Poet Robert Pinsky: New Jersey “May Be the Most American State”

What does a three-term U.S. poet laureate have to say about growing up in New Jersey?

AP Photo/Katy Winn.

Robert Pinsky is many things—a 1962 Rutgers grad, a three-term United States Poet Laureate (1997-2000), a Pulitzer Prize nominee (for The Figured Wheel: New and Collected Poems, 1966-1996), an award-winning translator, essayist, and critic, and a renowned professor, currently teaching at Boston University. But if you ask Pinsky, 69, about himself, the first thing that comes up is Long Branch—his hometown and a deep influence on his remarkable career. In fact, Pinsky’s latest essay collection, Thousands of Broadways, takes its name from Long Branch’s main thoroughfare and uses local history and photographs as a jumping-off point for meditations on the ways small-town America has been depicted in literature and film.

How did Long Branch influence you as a writer?
As an historic resort—visited by seven American presidents, Winslow Homer, Diamond Jim Brady and Lily Langtree, all of that—with the racetrack and the beach, and the off-season quiet to add some elegiac melancholy, the town was inherently poetic. And the Jewish and Italian people of my parents’ generation used the English language with pizzazz. I grew up among expert joke-tellers, arguers, and complainers.

What were your family’s Long Branch roots?
In the 1920s, my grandfather Dave Pinsky had a not-legal liquor enterprise with his partner—later competitor—Izzy Schneider. My other grandfather, Morris Eisenberg, washed the windows on stores downtown and was also a part-time tailor. My aunts and uncles and cousins and parents all attended Long Branch High School, as did my brother and I. What kept us in town? I guess inertia! Or the temperate ocean climate. My dear Aunt Dot still lives on Delaware Avenue, same house as when I was in primary school.

The subtitle of your new book is “Dreams and Nightmares of the American Small Town.” What’s the nightmare part?
The line between the comforting quality of a small town and the stifling quality of a small town is one I think anybody who’s lived in a town has experienced. [Knowing everyone] can be very comforting. On the other hand, everybody knowing a lot about who you are can sometimes feel not that great. I don’t think there’s anything strange or bizarre about the two extremes of the way a town gets into your imagination.

What does New Jersey stand for in the cultural imagination?
It may be the most American state.
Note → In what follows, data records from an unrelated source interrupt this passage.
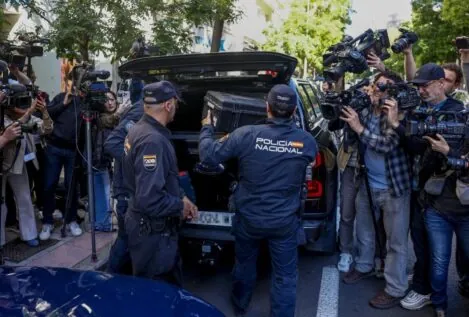 Seísmo en el despacho Andersen por dos abogados involucrados en el 'caso Zapatero'
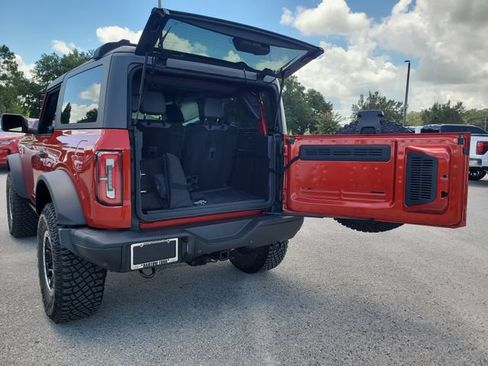 Used 2022 Ford Bronco Badlands AWD/4WD image 10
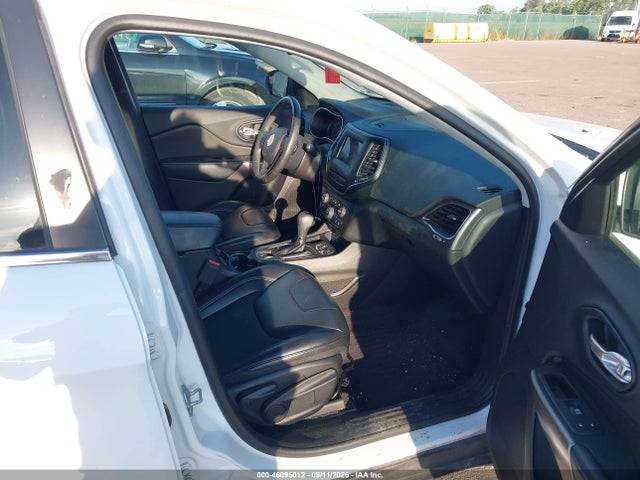 2019 JEEP CHEROKEE LATITUDE PLUS FWD 5
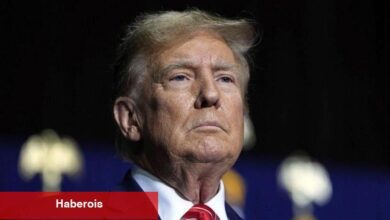 Trump'tan Çin'e yüzde 50 ek tarife tehdidi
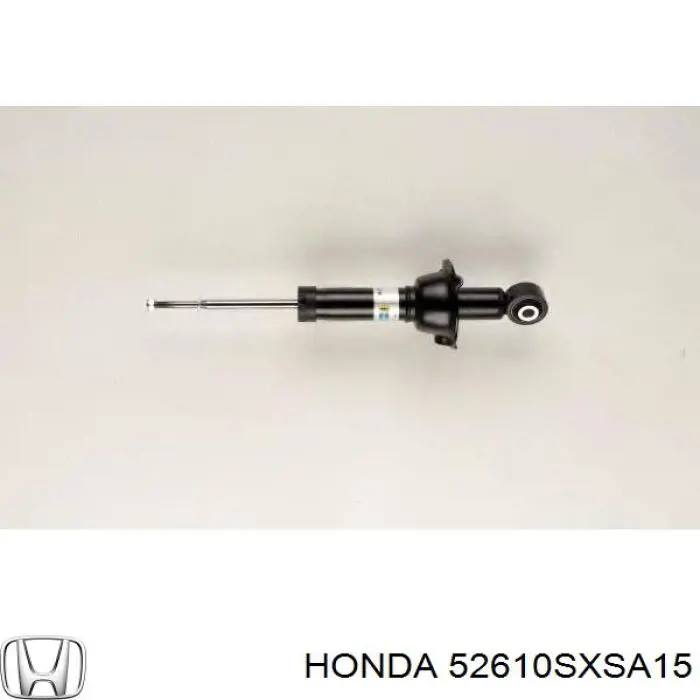 Амортизатор задній Honda 52610SXSA15 ціна, від 39.51 USD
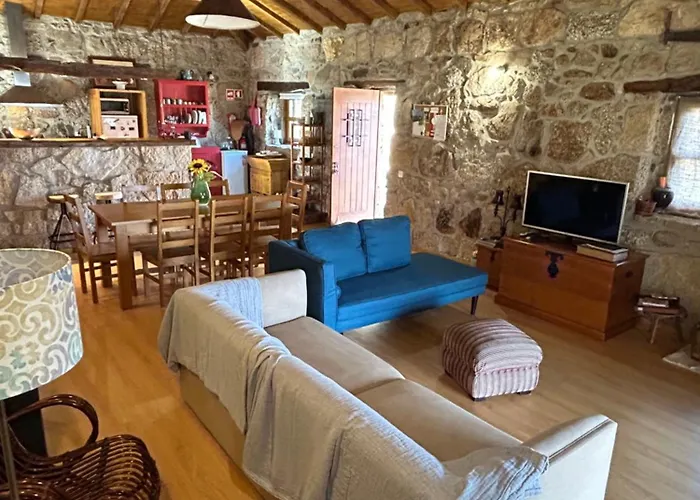 Quinta Do Espigueiro Дом отдыха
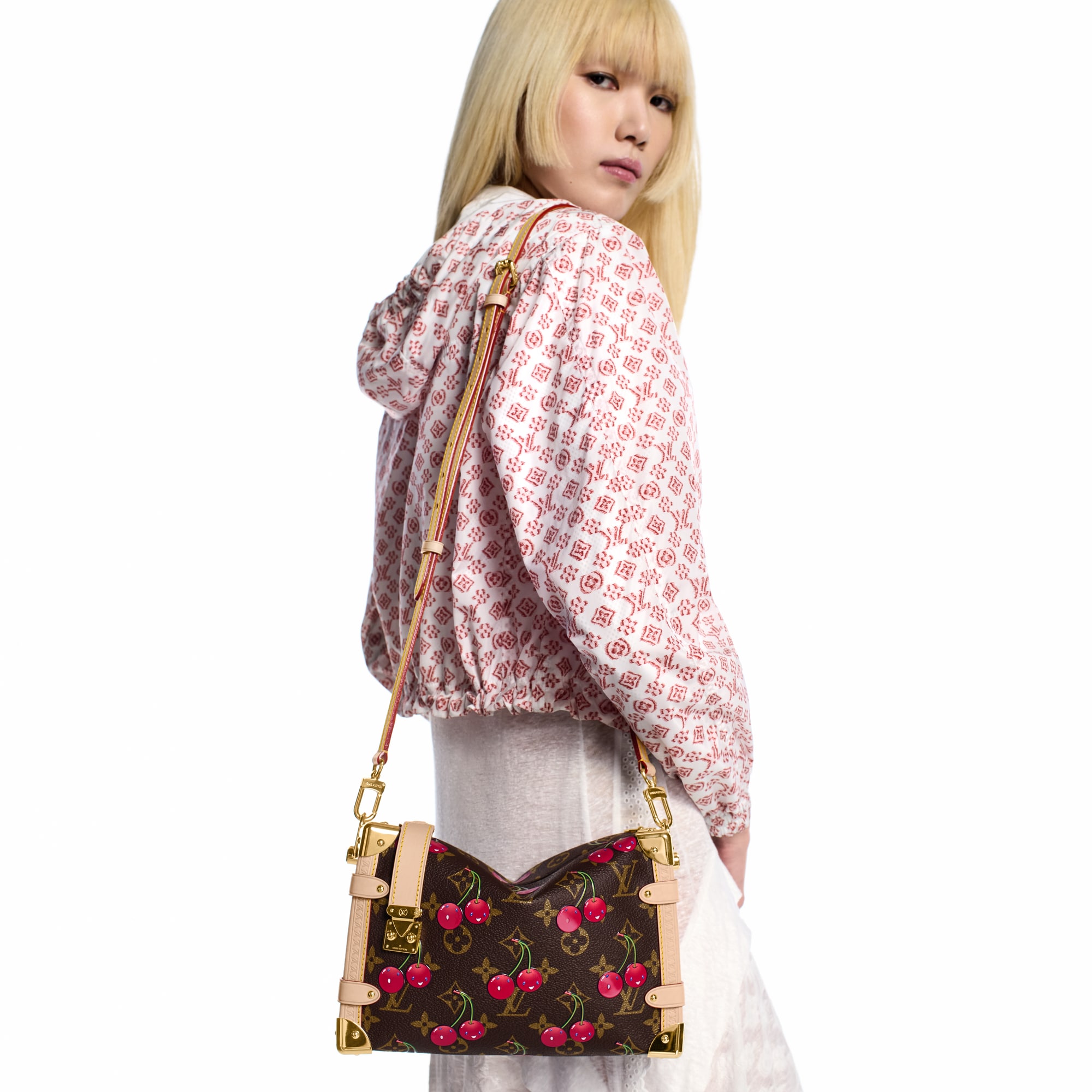 LV × TM サイドトランク MM モノグラム ウィメンズ バッグ (製品ズーム)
It has the most different things in it, urban and rural, and the most ethnicities, so you have a rich cultural mix. New Jersey still does more truck farming than any other state. It has natural beauty and unnatural ugliness. In Long Branch you had horse racing and the ocean, and it’s close enough to Manhattan that you can be inspired by the city and go to it and long for it. Its relation to Manhattan is yearning—not mere possession—so it may be an optimal place for imagination.

What is the state of poetry in the nation today?
There are a lot of poetry organizations, a lot of poets, a lot going on. It may have to do with a kind of reaction—we love mass media, we love digital stuff, but then there’s also an appetite for something opposite, on a human scale. And poetry, as I’ve said many times, is by its nature, on the scale of one person’s voice. The videos at favoritepoem.org demonstrate what I mean.
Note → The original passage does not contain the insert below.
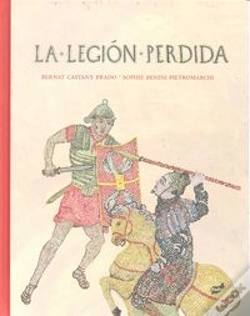 Capa do artigo La Legión Perdida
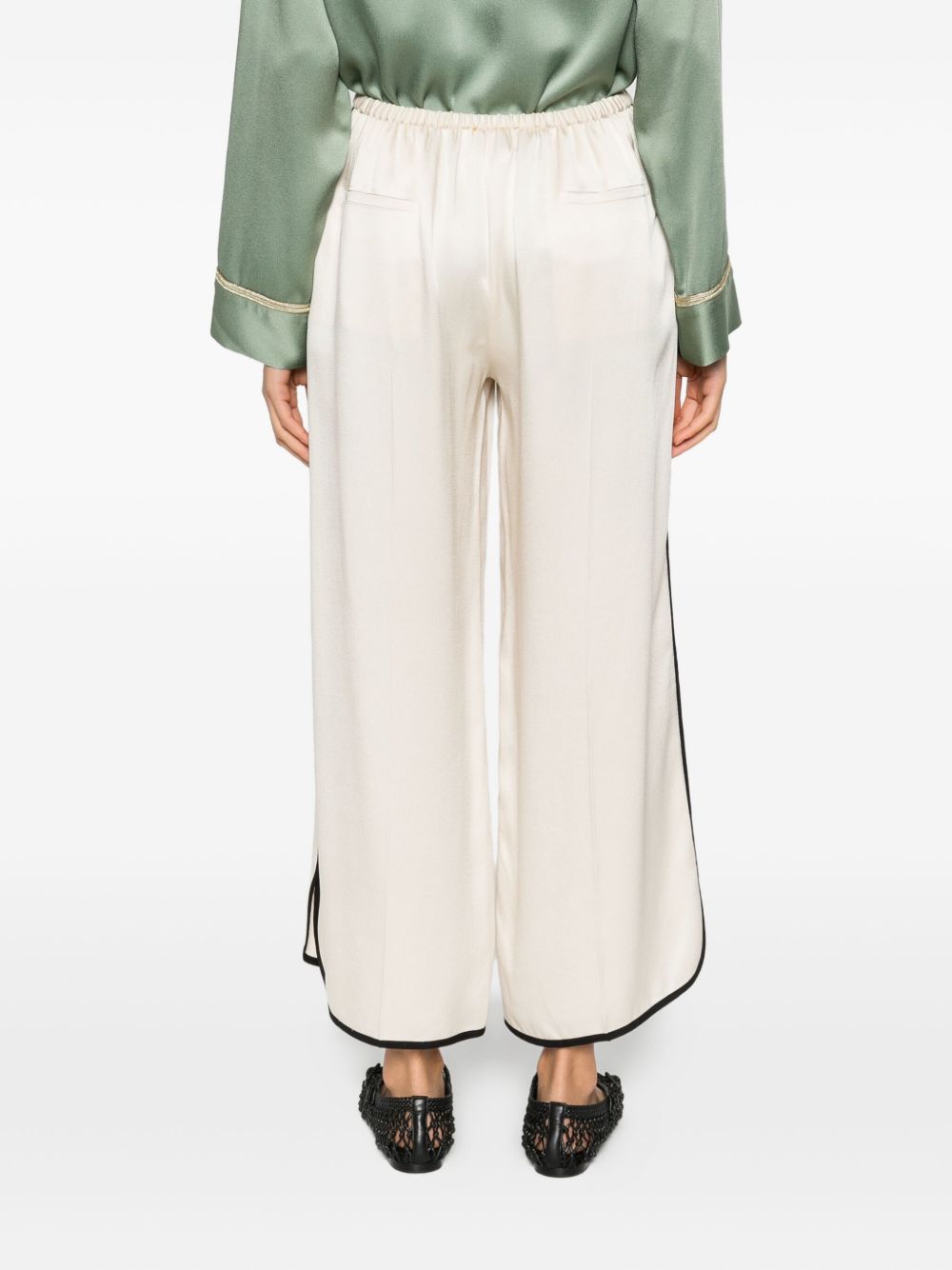 Forte Forte Cropped trousers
What do you make of Long Branch today?
To see the old boardwalk gone and these not particularly interesting new condos there instead, to see the downtown trying to struggle back but not be what it was, I shed a tear for my father. He died about five years ago. He probably would not have grieved as much as I do on his behalf. But I tell myself that somebody who saw Long Branch in the 1930s, when my father was in high school, might have wept because it wasn’t the town they knew in the nineteenth century. I still have a kind of grief that Long Branch isn’t what it was.

In the last chapter of your book you warn against nostalgia. What is the difference between nostalgia and elegy, which you seem to argue for?
Elegy pays attention to the reality of loss and change. Nostalgia tends to want to skim off the sweetness.